St. Petersburg drags its feet on an issue many departments have embraced.
Police Chief Anthony Holloway favors having his officers use "weapon-activated" body cameras that begin recording when an officer's gun or Taser is drawn. But implementing them has been delayed by a technical problem. [Times archives]
Police Chief Anthony Holloway favors having his officers use "weapon-activated" body cameras that begin recording when an officer's gun or Taser is drawn. But implementing them has been delayed by a technical problem. [Times archives]
Published October 23 2018
Updated October 29 2018

Police body cameras are a proven technology that protect both officers and the public, but St. Petersburg acts like the cameras are still in the beta testing phase. While body cameras remain controversial and don’t always reflect the whole story of a police encounter, they have been used with success by departments around the region and country. St. Petersburg Police Chief Tony Holloway, who seems to be dragging his feet, should either give them a try as he promised or explain to residents why he won’t.

St. Petersburg was supposed to start testing the use of body cameras more than three years ago, but Holloway backed off in favor of trying mounted dash cameras in 15 patrol cars. That program never moved forward when the City Council refused to approve buying the cameras, with one council member calling them a waste of money because St. Petersburg doesn’t have a “bad department.”

Body cameras are not tools for busting “bad departments.” They are instruments of transparency that help increase trust with the community. But now St. Petersburg apparently is delayed by technical problems in implementing body cameras that only record interactions when an officer’s gun or Taser is drawn and can go back and store footage from 30 seconds prior.

There’s no reason for so much hand-wringing and hesitation. Standard body cameras provide critical context about situations that result in a shooting or other physical confrontation. It serves neither the officer involved nor the public to see only the moment shots are fired without capturing the circumstances that led to it. Such footage can reveal grievous police misconduct, such as the Baltimore officer who was caught on video last year planting evidence in a drug case. But it also has exonerated officers who acted professionally, such as the Cleveland officers who encountered an armed suspect on a domestic violence call in 2015. Video from the incident depicted one officer, who had been shot himself, calmly talking to the suspect and trying to defuse the situation.
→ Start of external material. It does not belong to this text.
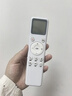 尼初适用于小米空调遥控器通用款 云米全部万能型大1匹1.5匹3匹kfr35w/n1a1壁挂机柜机中央空调 实拍图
Videos from body cameras and dash cameras are becoming standard evidence in police-involved gun incidents around the country. But they aren’t the only cameras running. Any shooting that takes place in a public space is likely to be captured by a bystander’s cell phone or a surveillance camera on a building. Police are better-served when their point of view also is represented, telling a more complete story.

St. Petersburg is not alone in shying away from body cameras. Pinellas Sheriff Bob Gualtieri opposes them because he doesn’t think they are the right response to community mistrust of police. But the Pinellas Sheriff’s Office does use dash cameras. The Tampa Police Department uses both, but like the St. Petersburg Police Department the Hillsborough County Sheriff’s Office uses neither. The Pasco County Sheriff’s Office uses body cameras.

Studies show officers wearing body cameras are less likely to use force and the target of fewer citizen complaints. St. Petersburg officials should stop equivocating and promptly move forward with a large-scale experiment or tell residents why they don’t support such common technology.